>>>>

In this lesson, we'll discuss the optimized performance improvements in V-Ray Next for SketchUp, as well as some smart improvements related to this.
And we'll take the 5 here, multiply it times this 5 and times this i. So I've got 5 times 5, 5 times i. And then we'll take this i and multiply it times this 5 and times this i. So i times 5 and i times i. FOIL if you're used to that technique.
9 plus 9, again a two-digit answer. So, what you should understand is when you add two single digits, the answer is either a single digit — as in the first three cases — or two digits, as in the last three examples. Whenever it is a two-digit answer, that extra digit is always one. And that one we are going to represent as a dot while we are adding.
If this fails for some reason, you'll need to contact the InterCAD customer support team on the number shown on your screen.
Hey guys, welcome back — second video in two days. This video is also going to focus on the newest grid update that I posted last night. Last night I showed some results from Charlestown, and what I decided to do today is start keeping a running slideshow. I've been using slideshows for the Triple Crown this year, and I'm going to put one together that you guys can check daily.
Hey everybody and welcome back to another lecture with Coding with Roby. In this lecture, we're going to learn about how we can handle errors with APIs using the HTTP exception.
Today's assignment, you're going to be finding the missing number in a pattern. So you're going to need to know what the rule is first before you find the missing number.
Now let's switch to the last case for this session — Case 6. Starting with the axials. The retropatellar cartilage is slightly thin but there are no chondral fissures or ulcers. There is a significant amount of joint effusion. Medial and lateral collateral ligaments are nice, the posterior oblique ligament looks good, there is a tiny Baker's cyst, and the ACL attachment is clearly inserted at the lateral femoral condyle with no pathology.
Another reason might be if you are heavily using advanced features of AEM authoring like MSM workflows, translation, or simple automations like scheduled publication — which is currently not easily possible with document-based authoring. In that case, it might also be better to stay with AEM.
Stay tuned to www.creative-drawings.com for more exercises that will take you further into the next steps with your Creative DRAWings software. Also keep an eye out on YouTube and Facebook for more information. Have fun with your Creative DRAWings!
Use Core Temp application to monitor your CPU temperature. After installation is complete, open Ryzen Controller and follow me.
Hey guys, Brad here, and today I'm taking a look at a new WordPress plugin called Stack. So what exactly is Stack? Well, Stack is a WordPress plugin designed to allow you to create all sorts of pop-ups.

<<<<

● **WHAT TO PRODUCE**
Every line with "number" in it should be copied from the entries.

● **ANSWER TO THE EXERCISE**
If this fails for some reason, you'll need to contact the InterCAD customer support team on the number shown on your screen.
Today's assignment, you're going to be finding the missing number in a pattern. So you're going to need to know what the rule is first before you find the missing number.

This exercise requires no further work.